Gridded data analysis#
In this demo, we will be investigating the extent of shrubification in Alaska using the National Land Cover Database (NLCD). “Shrubification” describes the expansion of shrubs across the Arctic. Shrubs are woody plants with diverse growth forms but are often the tallest plants occupying tundra ecosystems and can form dense thickets with closed canopies in suitable habitats.
Studies indicate that warming temperatures, changes in snow cover, altered disturbance regimes (due to permafrost thaw, tundra fires, anthropogenic activities or changes in herbivory intensity) are all contributing to general increases in shrub abundance which will have wide-ranging consequences for the ecosystems and climate of the region (e.g. soil, permafrost, caribou).
National Land Cover Database#
The National Land Cover Database (NLCD) provides gridded land cover at a 30 m resolution with a 20-class legend (in Alaska) based on a modified Anderson Level II classification system.
The database is designed to provide cyclical updates of United States land cover every 2-3 years since 2001.
Enables systematic documententation of land cover change for monitoring and trend assessments.
Gridded data#
Gridded (or raster) data represent a matrix of cells (or pixels) organized into rows and columns (or a grid). Grid cells can represent data that changes continuously across a landscape (surface) such as elevation, air temperature, or reflectance data from satellite imaging platforms. Grid cells can also represent discrete data such as vegetation type or land cover.
Libraries#
The main library for accessing and analyzing gridded data in Python is called rasterio which builds on the popular Geographic Raster Abstraction Library or GDAL. It supports read/write access for over 160 gridded data formats (e.g. GeoTIFF, NetCDF4) and includes methods for finding dataset information, reprojecting, resampling, format conversion, and mosaicking.
Let’s get started…
# Import libraries
import numpy as np
import rasterio
import pandas as pd
import matplotlib.pyplot as plt
Open dataset#
The data is formatted as a GeoTIFF (.tif) file which is one of the many formats that can be read by rasterio. We can open the dataset using the function open() which accepts a path string and returns a dataset object.
Note
The data for this demo can be accessed here.

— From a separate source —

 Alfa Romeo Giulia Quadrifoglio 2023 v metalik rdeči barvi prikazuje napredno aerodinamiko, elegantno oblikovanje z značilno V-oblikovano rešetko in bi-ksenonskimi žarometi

src = rasterio.open('data/nlcd_2016_ak.tif')
src
<open DatasetReader name='data/nlcd_2016_ak.tif' mode='r'>
Dataset attributes#
The dataset object contains a number of attributes which can be explored using the following methods. Remember that a raster band is an array of values representing a single variable in 2D space. All bands of a dataset have the same number of rows and columns.
print(f"Number of bands: {src.count}")
print(f"Width: {src.width}")
print(f"Height: {src.height}")
print(f"Data type: {src.dtypes}")
Number of bands: 1
Width: 3991
Height: 2868
Data type: ('uint8',)
Georeferencing#
Like vector data, pixels in raster data can be mapped to regions on the Earth’s surface. Like GeoPandas, we can display the coordinate reference system of our data using the crs method.
src.crs
CRS.from_wkt('PROJCS["WGS_1984_Albers",GEOGCS["WGS 84",DATUM["WGS_1984",SPHEROID["WGS 84",6378137,298.257223563,AUTHORITY["EPSG","7030"]],AUTHORITY["EPSG","6326"]],PRIMEM["Greenwich",0],UNIT["degree",0.0174532925199433,AUTHORITY["EPSG","9122"]],AUTHORITY["EPSG","4326"]],PROJECTION["Albers_Conic_Equal_Area"],PARAMETER["latitude_of_center",50],PARAMETER["longitude_of_center",-154],PARAMETER["standard_parallel_1",55],PARAMETER["standard_parallel_2",65],PARAMETER["false_easting",0],PARAMETER["false_northing",0],UNIT["metre",1,AUTHORITY["EPSG","9001"]],AXIS["Easting",EAST],AXIS["Northing",NORTH]]')
The output from this function can be a little overwelming but there is some useful information contained here. For example it looks like the data are projected using an Albers projection system and the units are in meters.
We can display some more specific information about a dataset’s projection using the transform method. This function returns the spatial resolution of the dataset (i.e. the dimensions that each pixel of our dataset represents on the ground) and the coordinates of the top left corner.
src.transform
Affine(30.000052000454264, 0.0, -351410.251360936,
0.0, -29.996428936149588, 1939259.112990518)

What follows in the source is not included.